The period of performance for year one of the three-year KISTI award ended on 11/30. Most of the efforts of the group were focused on meeting required deliverables, all of which were met.

Sang Myeong Oh, from Jeju University in Korea, worked with us for most of this month, as part of our collaboration with Kisti.  He created sample data sets, converted them to VAPOR and visualized them, and in the process identified a number of issues that needed to be resolved. On his last day he showed us a number of visualizations he created and discussed some of the valuable capabilities he would like to have.  He did find VAPOR visualization to provide valuable understanding of his data.  In general his visit was quite useful to us and we hope to continue to collaborate now that he has returned to Korea.

Alan developed the momvdfcreate and mom2vdf applications, which we had agreed to implement as the first year deliverables of out Kisti agreement.  These applications convert MOM4 datasets to VAPOR datasets.  They operate much faster (25 times as fast) as the corresponding Python routines that we prototyped last summer.  The Python routines depend on several existing applications, such as CDO and NCL, which were operating too slowly on the data.  For the new code, we accelerated the conversion by reimplementing the code that calculates bilinear weights and remaps the data, going back to the original algorithms provided by Phil Jones of LANL.

Niklas Roeblas of DKRZ provided us with several ocean data sets, output from the MPI-OM ocean model that is used at DKRZ.  We found that such data may be visualized using the same code that we are developing for MOM4 data, with minor modification.
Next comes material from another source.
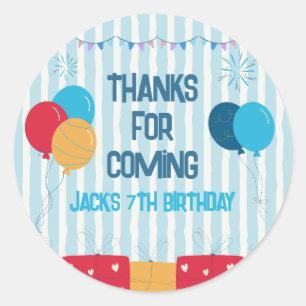 Sticker Rond Ballons rayés bleus Anniversaire garçons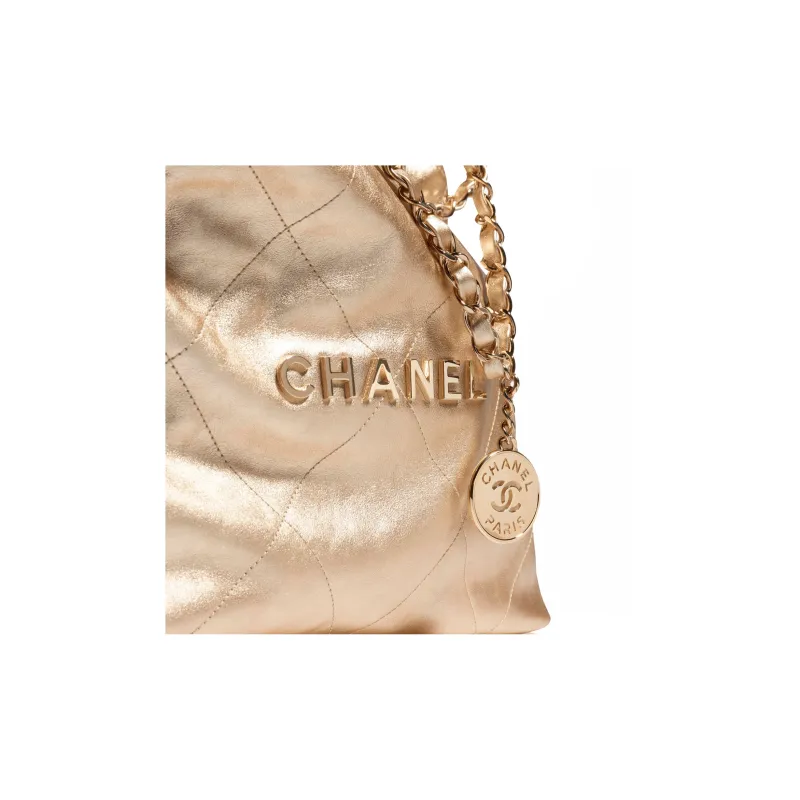 CHANEL 22Bag Calfskin Trash Bag, Tote Bag, Shopping Bag, Handbag, Shoulder Bag Regular Women's Gold-3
Progress was also made towards year-two deliverables. John refactored vaporgui's internal data model to use the an abstract class representation of a regular grid as the token for data exchange within the application. The RegularGrid class, and it's derivatives (SphericalGrid and LayeredGrid), support missing data values as a first class citizen, in particular, offering reasonable behavior when interpolants are undefined during data reconstruction. Two visualizers, the direct volume renderer (dvr) and the isosurface rendered, were re-written to treat missing values appropriately. Most of the effort involved rewriting the GPU hardware shaders that perform the actual rendering. Numerous pathological cases had to be supported. Additionally, the shaders were modified to interpolate layered (e.g. terrain following) grids on the fly, avoiding the re-gridding step required previously. Finally, a "fast" rendering option was added to the shaders to improve performance during interactivity when low quality rendering is acceptable.

John also re-implemented the memory manager supporting vaporgui's data cache. The new memory manager lazily allocates dynamic memory as needed (as opposed to allocating all memory up front), reducing the virtual memory footprint in most instances.

Finally, the year-end report, and an accompanying power point presentation, were written and submitted to KISTI.

Development:

John worked with CU's Sam Geen to troubleshoot and correct a number of bugs in the Adaptive Mesh Refinement (AMR) support modules. Additionally, a critical AMR access method that was performing poorly when applied to deep hierarchies was re-implemented to optimize performance. Run time on Sam's data sets dropped from hours to seconds.

Administrative:

The hiring process for a new student assistant was started. We hope to start interviewing in January.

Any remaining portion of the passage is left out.